Short text fragments from websites:
....................

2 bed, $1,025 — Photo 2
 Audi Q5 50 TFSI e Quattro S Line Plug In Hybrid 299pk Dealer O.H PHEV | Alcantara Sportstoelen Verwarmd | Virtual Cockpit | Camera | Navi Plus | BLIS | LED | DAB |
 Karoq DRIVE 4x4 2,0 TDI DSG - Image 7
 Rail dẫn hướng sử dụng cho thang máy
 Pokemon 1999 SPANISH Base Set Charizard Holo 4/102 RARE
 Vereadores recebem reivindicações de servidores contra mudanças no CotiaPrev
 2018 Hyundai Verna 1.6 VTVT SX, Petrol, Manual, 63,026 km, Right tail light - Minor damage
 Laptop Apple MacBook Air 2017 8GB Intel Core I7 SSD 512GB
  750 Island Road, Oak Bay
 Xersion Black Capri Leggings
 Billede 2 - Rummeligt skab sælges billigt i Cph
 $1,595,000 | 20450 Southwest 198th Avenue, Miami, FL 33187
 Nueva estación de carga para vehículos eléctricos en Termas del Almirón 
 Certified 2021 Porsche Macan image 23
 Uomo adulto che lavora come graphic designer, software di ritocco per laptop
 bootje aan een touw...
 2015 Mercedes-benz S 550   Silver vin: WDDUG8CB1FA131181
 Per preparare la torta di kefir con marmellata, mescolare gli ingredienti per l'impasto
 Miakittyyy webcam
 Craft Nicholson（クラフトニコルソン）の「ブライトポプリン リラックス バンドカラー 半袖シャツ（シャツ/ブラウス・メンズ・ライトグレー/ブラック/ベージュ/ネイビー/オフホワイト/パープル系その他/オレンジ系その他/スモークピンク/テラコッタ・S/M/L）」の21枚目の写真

....................

▸ EXERCISE DETAILS: Retype only this portion of the data above: the line containing "750 Island Road, Oak Bay", the line containing "Miakittyyy webcam", and all lines between them, exactly.

▸ TASK RESPONSE:
  750 Island Road, Oak Bay
 Xersion Black Capri Leggings
 Billede 2 - Rummeligt skab sælges billigt i Cph
 $1,595,000 | 20450 Southwest 198th Avenue, Miami, FL 33187
 Nueva estación de carga para vehículos eléctricos en Termas del Almirón 
 Certified 2021 Porsche Macan image 23
 Uomo adulto che lavora come graphic designer, software di ritocco per laptop
 bootje aan een touw...
 2015 Mercedes-benz S 550   Silver vin: WDDUG8CB1FA131181
 Per preparare la torta di kefir con marmellata, mescolare gli ingredienti per l'impasto
 Miakittyyy webcam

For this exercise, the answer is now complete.